Ça tient longtemps, et voilà pourquoi

Un capteur sur pile passe l'essentiel de sa vie à dormir. Il se réveille, mesure, envoie, se rendort. L'envoi radio est ce qui consomme, pas la mesure. Selon le modèle et le rythme, on compte en années, pas en semaines.

Deux choses raccourcissent cette durée. Le rythme : un capteur qui parle toutes les minutes s'épuise bien plus vite qu'un capteur qui parle tous les quarts d'heure. Et le froid : une pile dans une chambre froide ou dehors donne moins qu'une pile dans un bureau. Un capteur d'extérieur se remplace donc plus souvent qu'un capteur de couloir, c'est normal.

Le bon rythme

Il se décide au métier, pas par gourmandise. L'humidité d'un séchoir bouge lentement : un relevé toutes les quinze minutes suffit largement, et il en reste quatre-vingt-seize par jour. Un compteur électrique, on veut le voir de plus près. Mesurer plus souvent que nécessaire ne rend pas la surveillance meilleure : cela vide des piles et remplit des courbes.
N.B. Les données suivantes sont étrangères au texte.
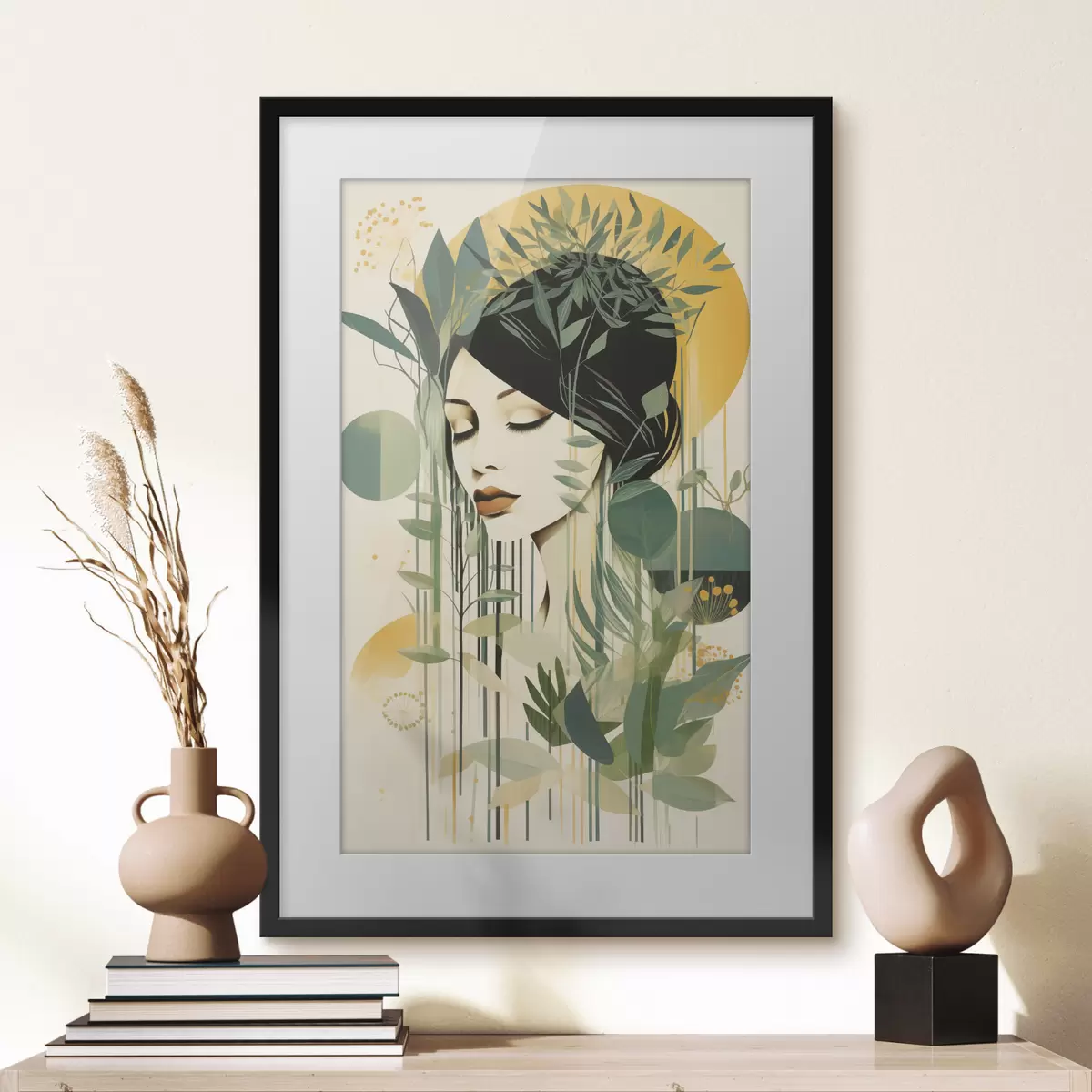 Poster Lueur et poésie f50249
Vous n'avez pas à surveiller les piles. Le niveau remonte avec les mesures, et une alarme se déclenche quand il devient bas, largement avant la panne. On ne découvre pas une pile vide, on est prévenu d'une pile qui faiblit.

Qui change la pile

Selon votre contrat, c'est Cybelia lors d'un passage, ou vous-même : la plupart des boîtiers s'ouvrent d'un quart de tour et prennent une pile standard. Aucun réglage ne suit le changement, le capteur reprend sa mesure tout seul, garde son nom, son emplacement et son historique.

La bonne pratique

Regroupez. Si trois capteurs d'un même atelier ont deux ans, on change les trois le même jour, plutôt que d'y retourner trois fois. Une petite ligne dans l'agenda de l'entretien annuel suffit, à côté du contrôle des extincteurs.